According to a new National Bureau of Economic Analysis study released last week, immigrants in STEM fields have been responsible for higher wages among American workers overall since at least 1990. University of California and Colgate University economists looked at 219 U.S. cities from 1990 to 2010 to examine the number of employer-granted, high-skill, specialty occupation visas (known as H-1B in the Immigration and Nationality Act) were present, and their effect on wages, employment and productivity of American college and non-college grads.

In any given city, a one-percent increase in foreign STEM worker employment raised the wage growth of natural-born Americans with college degrees by 7 to 8 percent, according to the study. Among Americans without degrees, wages rose by 3 to 4 percent. According to study authors, that translates to tens of thousands in additional earnings over the span of a career.

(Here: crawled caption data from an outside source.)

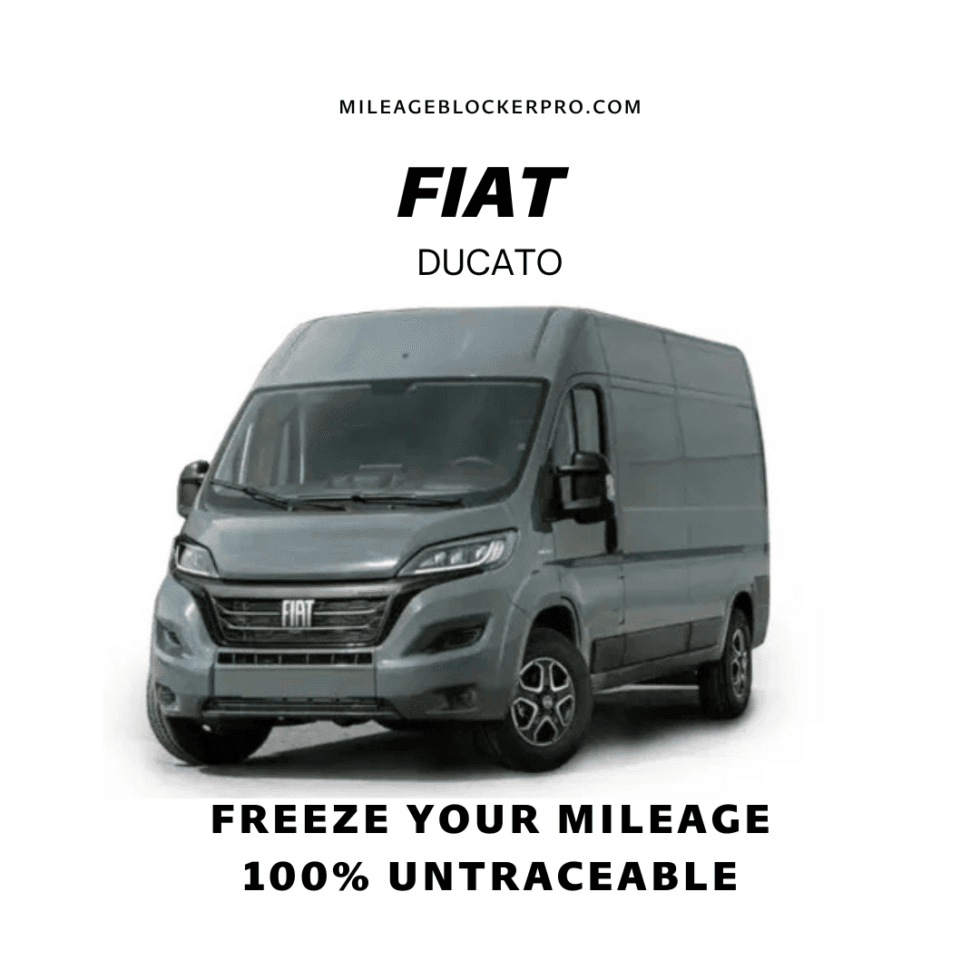 Fiat Ducato Mileage Blocker (2)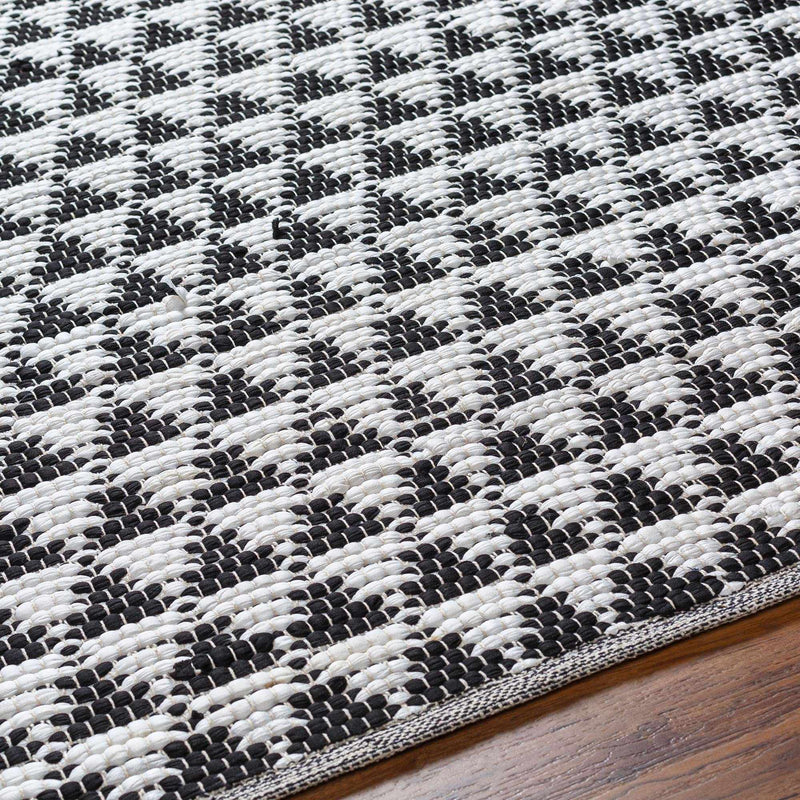 Gzifa Jute Rug - Clearance by Boutique Rugs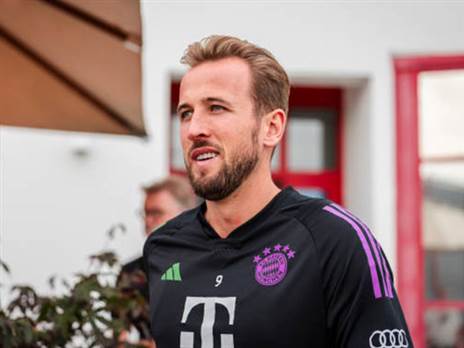 פותח מול יריבה מוכרת. קיין (GETTY)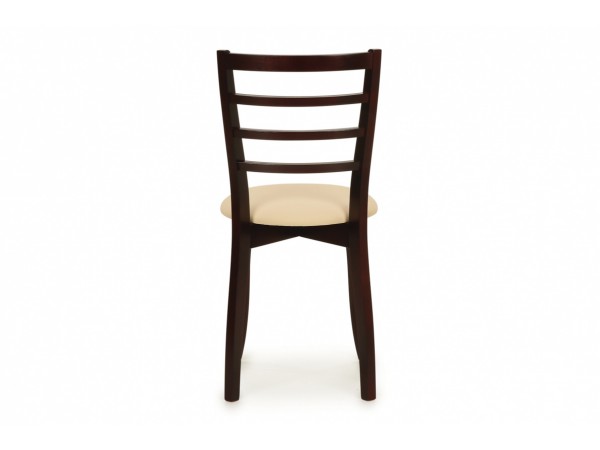 Стул Карл 02 венге/крем 2 шт.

“Foreign STEM growth can explain between a third and a half of the average productivity growth in the period 1990-2010,” study authors Giovanni Peri, Chad Sparber and Kevin Shih wrote.

The study also found the number of foreign H-1B visas from STEM jobs had no effect on American employment prospects whatsoever, and research released in February by Peri found that increasing legal immigration, regardless of education or occupation, would lead to a greater increase in American employment prospects more than increasing deportation or border security.

While Congress drags its feet on immigration, cities are taking matters into their own hands. Michigan Republican Gov. Rick Snyder has requested the federal government for 50,000 STEM immigration visas over five years to attract foreign professionals to Detroit, which has lost one million residents in the last 60 years according to The Manhattan Institute’s Economics 21. Snyder’s request is aimed at increasing the city’s overall population, productivity and wages.

H-1B visas are currently capped at 65,000 for foreign nationals, with room for an additional 20,000 with advanced degrees. The government began accepting applications for 2015 on April 1, and was filled and closed within a week. The Senate’s immigration reform bill would increase H-1Bs to 205,000.

“Doing nothing now means hurting businesses just as we are coming out of the Great Recession,” Russo said. “Today, 40 percent of our Fortune 500 companies were founded by an immigrant or child of an immigrant. Much of the new small-business growth in the country is because of legal immigrants.”

“It is time to make the changes that our citizens and our economy demand. Our current policies date back to the 1960s, when TVs were black and white and computers were bigger than cars. Our nation competes in a global economy, and our immigration policies should reflect our needs for the 21st century. Conservative-led immigration reform is an important step to a brighter American future.”